Embora os neonazistas sempre ajam em qualquer circunstância, a onda conservadora que tem assolado não só o Brasil, mas países como a Hungria, Polônia e mais recentemente os Estados Unidos, apenas liberou os índices de intolerância que estavam sendo contidos pelo processo civilizatório e mais democrático, que “agora reagem na busca de uma espécie de liderança que canalize e potencialize suas reivindicações”.
Para ele, Jair Bolsonaro (PSL) encarna exatamente este espírito de intolerância, racismo, homofobia e machismo, com o qual boa parte da população brasileira se identifica. “Em caso de vitória da extrema direita, esses movimentos encontrão legitimidade para suas ações e se o candidato que representa a democracia ganhar poderemos sofrer um “revide” com ações mais violentas ainda pela não aceitação da derrota” prevê o sociólogo.

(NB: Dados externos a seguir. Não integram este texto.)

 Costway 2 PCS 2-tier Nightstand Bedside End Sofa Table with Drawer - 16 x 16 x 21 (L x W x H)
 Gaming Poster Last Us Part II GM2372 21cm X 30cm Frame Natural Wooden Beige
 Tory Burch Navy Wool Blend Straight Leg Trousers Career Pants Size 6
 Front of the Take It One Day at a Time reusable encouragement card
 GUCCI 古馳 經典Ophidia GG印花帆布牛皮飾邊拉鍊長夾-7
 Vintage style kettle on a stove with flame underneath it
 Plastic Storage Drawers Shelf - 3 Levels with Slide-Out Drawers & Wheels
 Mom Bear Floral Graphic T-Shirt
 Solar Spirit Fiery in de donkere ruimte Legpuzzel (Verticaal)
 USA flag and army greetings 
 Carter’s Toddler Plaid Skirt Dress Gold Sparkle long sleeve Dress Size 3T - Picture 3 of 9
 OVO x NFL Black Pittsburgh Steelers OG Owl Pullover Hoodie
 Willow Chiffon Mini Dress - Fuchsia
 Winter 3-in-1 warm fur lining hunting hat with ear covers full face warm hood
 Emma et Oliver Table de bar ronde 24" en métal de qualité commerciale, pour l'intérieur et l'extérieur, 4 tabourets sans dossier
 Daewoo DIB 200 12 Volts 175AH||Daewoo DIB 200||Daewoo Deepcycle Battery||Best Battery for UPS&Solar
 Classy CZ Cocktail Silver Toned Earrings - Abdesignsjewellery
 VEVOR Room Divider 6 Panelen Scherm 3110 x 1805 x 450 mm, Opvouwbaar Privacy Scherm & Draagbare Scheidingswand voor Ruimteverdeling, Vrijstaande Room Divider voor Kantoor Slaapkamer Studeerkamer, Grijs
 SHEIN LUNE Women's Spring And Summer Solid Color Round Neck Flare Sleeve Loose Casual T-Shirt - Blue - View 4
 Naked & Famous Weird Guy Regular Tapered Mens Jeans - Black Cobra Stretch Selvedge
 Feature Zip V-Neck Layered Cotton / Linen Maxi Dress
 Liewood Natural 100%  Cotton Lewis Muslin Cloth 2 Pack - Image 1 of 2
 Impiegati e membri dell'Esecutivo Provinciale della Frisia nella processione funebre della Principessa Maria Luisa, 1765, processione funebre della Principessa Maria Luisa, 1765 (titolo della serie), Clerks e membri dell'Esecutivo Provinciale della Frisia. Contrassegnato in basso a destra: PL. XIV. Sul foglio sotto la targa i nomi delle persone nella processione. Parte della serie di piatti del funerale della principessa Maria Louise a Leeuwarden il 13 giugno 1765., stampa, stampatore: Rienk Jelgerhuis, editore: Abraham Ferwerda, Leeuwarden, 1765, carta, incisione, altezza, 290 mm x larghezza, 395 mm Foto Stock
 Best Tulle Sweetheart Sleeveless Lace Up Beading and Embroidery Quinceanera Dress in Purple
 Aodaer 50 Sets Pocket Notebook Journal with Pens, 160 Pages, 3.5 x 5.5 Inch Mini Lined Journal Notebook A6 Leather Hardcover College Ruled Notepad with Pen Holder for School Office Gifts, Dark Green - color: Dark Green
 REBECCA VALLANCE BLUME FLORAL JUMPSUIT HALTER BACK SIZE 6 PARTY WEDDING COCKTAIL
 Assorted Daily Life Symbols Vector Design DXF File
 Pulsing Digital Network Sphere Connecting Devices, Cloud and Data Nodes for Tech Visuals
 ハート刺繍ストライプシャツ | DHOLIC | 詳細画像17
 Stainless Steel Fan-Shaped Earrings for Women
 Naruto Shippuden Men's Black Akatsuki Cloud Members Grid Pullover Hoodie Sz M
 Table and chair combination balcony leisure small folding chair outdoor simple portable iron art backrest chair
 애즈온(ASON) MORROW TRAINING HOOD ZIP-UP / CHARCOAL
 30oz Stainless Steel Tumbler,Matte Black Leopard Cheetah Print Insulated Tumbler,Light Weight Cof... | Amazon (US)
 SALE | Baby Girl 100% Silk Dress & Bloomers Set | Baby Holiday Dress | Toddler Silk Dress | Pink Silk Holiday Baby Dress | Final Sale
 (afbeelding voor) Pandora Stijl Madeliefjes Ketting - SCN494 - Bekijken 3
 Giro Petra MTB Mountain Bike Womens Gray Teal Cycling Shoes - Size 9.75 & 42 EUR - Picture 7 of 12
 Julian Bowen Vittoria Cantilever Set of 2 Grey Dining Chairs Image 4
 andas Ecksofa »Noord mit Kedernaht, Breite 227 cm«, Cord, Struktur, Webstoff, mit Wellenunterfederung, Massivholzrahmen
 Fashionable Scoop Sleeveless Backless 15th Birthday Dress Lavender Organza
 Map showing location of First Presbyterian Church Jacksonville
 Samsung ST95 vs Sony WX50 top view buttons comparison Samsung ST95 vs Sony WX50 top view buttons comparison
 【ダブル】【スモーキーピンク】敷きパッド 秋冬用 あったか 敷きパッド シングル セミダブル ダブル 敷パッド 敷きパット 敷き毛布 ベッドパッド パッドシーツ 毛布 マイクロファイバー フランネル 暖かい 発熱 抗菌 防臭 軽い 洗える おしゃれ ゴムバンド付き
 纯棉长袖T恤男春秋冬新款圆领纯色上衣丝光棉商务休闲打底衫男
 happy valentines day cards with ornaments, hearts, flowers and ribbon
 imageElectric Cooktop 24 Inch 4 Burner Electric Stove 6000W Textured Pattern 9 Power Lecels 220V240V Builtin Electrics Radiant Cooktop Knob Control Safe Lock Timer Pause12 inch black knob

Thomas Manz, representante no Brasil da Fundação Friedrich Ebert, explica que na Alemanha, a partir dos anos de 1980, o neonazismo se nutre, entre outros motivos, pela rejeição a migração massiva, sobretudo de refugiados africanos e árabes a partir de 2015. “Na Europa, a onda de violência cresce contra um ‘inimigo externo’. No Brasil, se direciona contra ‘inimigos internos’, no caso, petistas, feministas, LGTBs e nordestinos”.
O crescimento da extrema direita na Europa acontece em um momento que, por um lado, a migração massiva requer boa infraestrutura pública, como educação, moradia, saúde e um sólido Estado de Bem Estar. No entanto, as políticas neoliberais debilitaram consideravelmente a infraestrutura pública e o Estado de Bem Estar.
O ingresso de migrantes e o enfraquecimento do setor público deixou boa parte da sociedade com a percepção de estar órfãs do Estado, uma vez que ele [estado] estaria priorizando os refugiados em detrimento da população local. “Parte considerável desses cidadãos deixa de votar nas eleições e só volta à cena política quando aparece uma oferta de populismo de direita. Nas últimas eleições regionais na Baviera, o partido da extrema direita AfD recebeu, sobretudo, os votos daqueles que não votaram nas eleições anteriores” contou Manz.
Para ele, esse risco pode se repetir no Brasil, caso Bolsonaro vença as eleições. “O discurso do ódio, do desrespeito, da violência que ele sustenta pelas redes sociais não levará a nada. Pode sim, invadir as ruas e isto não será bom para o Brasil”.
O grande desafio neste momento, diz o sociólogo Cattani, é reafirmar os princípios democráticos e esclarecer a população o que representa as práticas do candidato do PSL. “É importantíssimo que as pessoas compreendam o sentido da metáfora da cigarra, que, com medo da formiga, votou no inseticida”, conclui.